● Problem to work on
Copy the entries below word for word, but omit any pictures they contain.

Scraped caption text data:
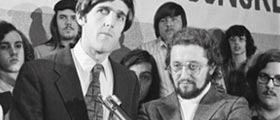 photo of kerry campaigning in 1972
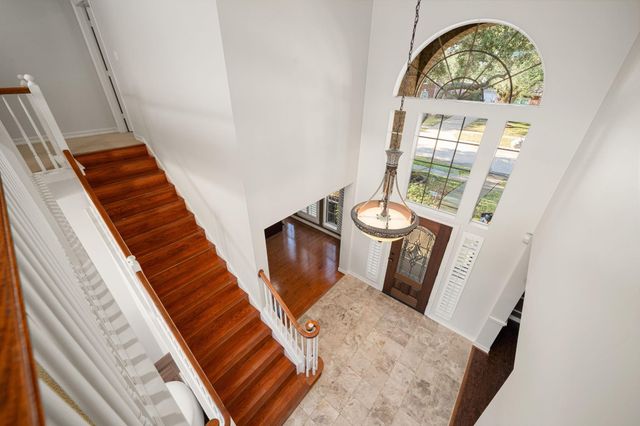 5007 Cambridge Street, Sugar Land, TX 77479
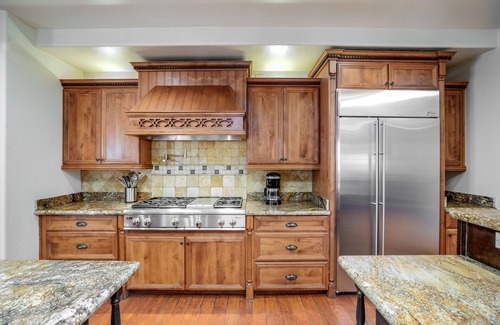 North Scottsdale Casa | Entertainment Galore! Heated Pool, Relaxing Spa, Putting Green, Bocce Court, BBQ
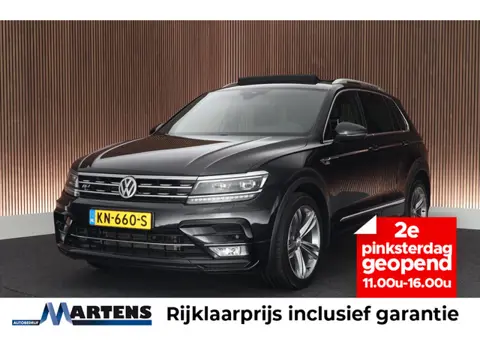 Volkswagen Tiguan 2.0 TSI 180pk DSG 4Motion 2x R-Line Trekhaak Keyless Panoramadak LED Virtual Cockp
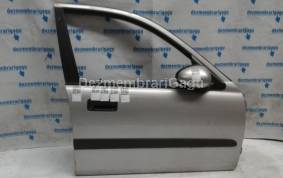 Piese auto din dezmembrari Usa dreapta fata portiera dr Rover 25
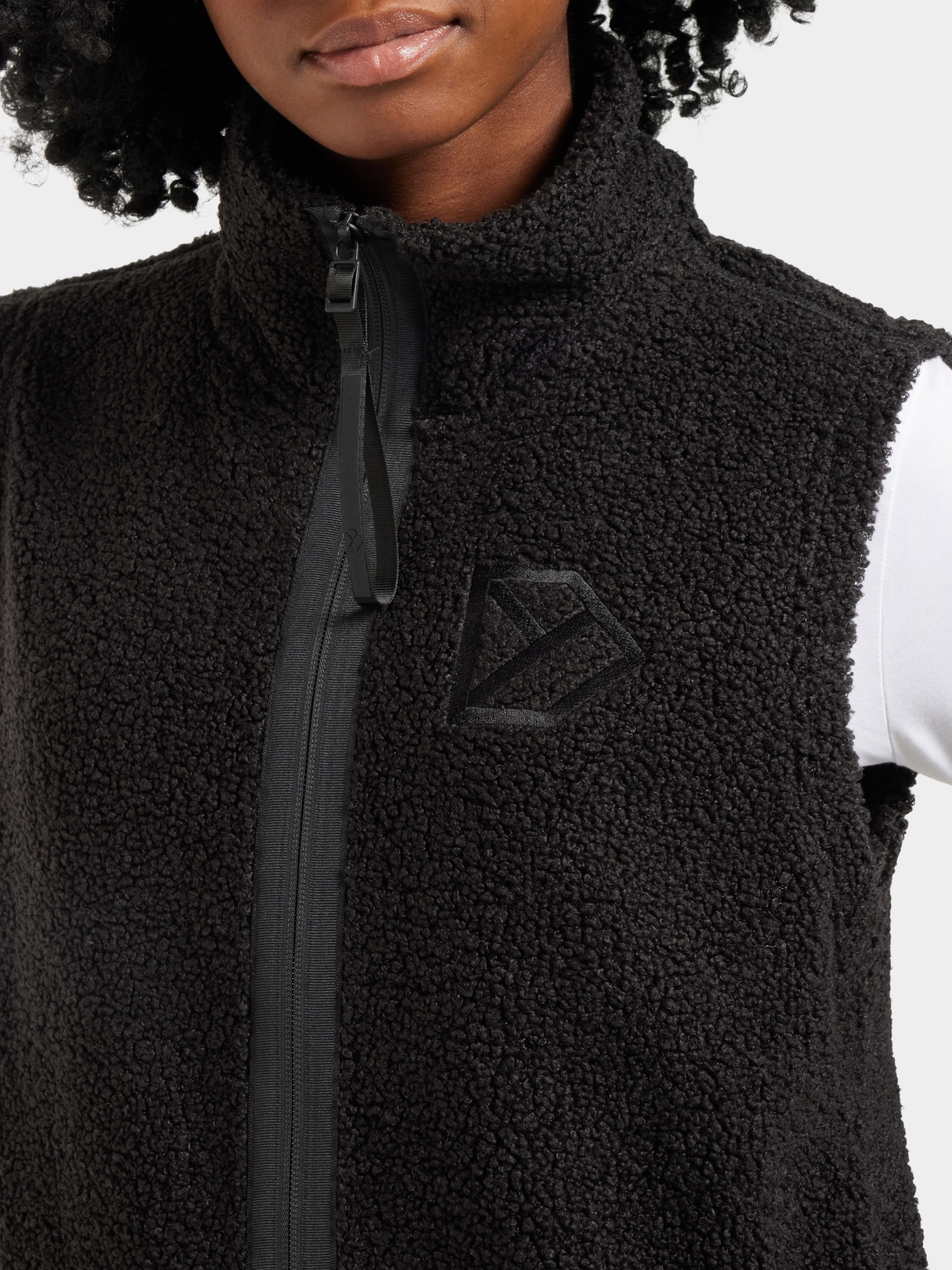 Didriksons Women's Kiana Vest Musta 09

● Task solution
 photo of kerry campaigning in 1972
 5007 Cambridge Street, Sugar Land, TX 77479
 North Scottsdale Casa | Entertainment Galore! Heated Pool, Relaxing Spa, Putting Green, Bocce Court, BBQ
 Volkswagen Tiguan 2.0 TSI 180pk DSG 4Motion 2x R-Line Trekhaak Keyless Panoramadak LED Virtual Cockp
 Piese auto din dezmembrari Usa dreapta fata portiera dr Rover 25
 Didriksons Women's Kiana Vest Musta 09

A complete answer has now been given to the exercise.